Create DAG documentation in Apache Airflow
One of the more powerful and lesser-known features of Airflow is that you can create Markdown-based DAG documentation that appears in the Airflow UI
After you complete this tutorial, you'll be able to:
- Add custom doc strings to an Airflow DAG.
- Add custom doc strings to an Airflow task.
Time to complete
This tutorial takes approximately 15 minutes to complete.
Assumed knowledge
- Basic Airflow concepts. See Introduction to Apache Airflow.
- Basic Python. See the Python Documentation.
Prerequisites
- The Astro CLI.
Step 1: Create an Astro project
To run Airflow locally, you first need to create an Astro project.
-
Create a new directory for your Astro project:
mkdir <your-astro-project-name> && cd <your-astro-project-name>
-
Run the following Astro CLI command to initialize an Astro project in the directory:
astro dev init
-
To enable raw HTML in your Markdown DAG descriptions, add the following Airflow config environment variable to your
.env
file. This will allow you to use HTML in your DAG descriptions. If you don't want to enable this setting due to security concerns you will still be able to use Markdown in your DAG descriptions and the HTML shown in this tutorial will be displayed as raw content.AIRFLOW__WEBSERVER__ALLOW_RAW_HTML_DESCRIPTIONS=True
-
Start your Airflow instance by running:
astro dev start
Step 2: Create a new DAG
-
In your
dags
folder, create a file nameddocs_example_dag.py
. -
Copy and paste one of the following DAGs based on which coding style you're most comfortable with.
- TaskFlow API
- Traditional syntax
from airflow.decorators import task, dag
from pendulum import datetime
import requests
@dag(
start_date=datetime(2022,11,1),
schedule="@daily",
catchup=False
)
def docs_example_dag():
@task
def tell_me_what_to_do():
response = requests.get("https://bored-api.appbrewery.com/random")
return response.json()["activity"]
tell_me_what_to_do()
docs_example_dag()
from airflow.models.dag import DAG
from airflow.operators.python import PythonOperator
from pendulum import datetime
import requests
def query_api():
response = requests.get("https://bored-api.appbrewery.com/random")
return response.json()["activity"]
with DAG(
dag_id="docs_example_dag",
start_date=datetime(2022,11,1),
schedule=None,
catchup=False,
):
tell_me_what_to_do = PythonOperator(
task_id="tell_me_what_to_do",
python_callable=query_api,
)
This DAG has one task called tell_me_what_to_do
, which queries an API that provides a random activity for the day and prints it to the logs.

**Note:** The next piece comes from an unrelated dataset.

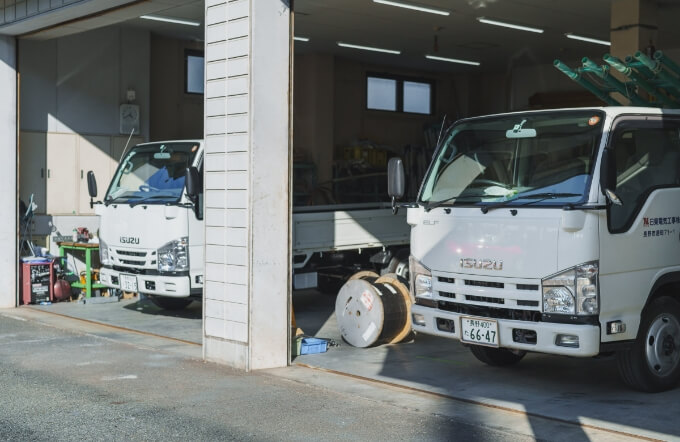 日東電気工事株式会社が所有する２台のトラック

Step 3: Add docs to your DAG
You can add Markdown-based documentation to your DAGs that will render in the Grid, Graph and Calendar pages of the Airflow UI.
-
In your
docs_example_dag.py
file, add the following doc string above the definition of your DAG:doc_md_DAG = """
### The Activity DAG
This DAG will help me decide what to do today. It uses the [BoredAPI](https://bored-api.appbrewery.com/random) to do so.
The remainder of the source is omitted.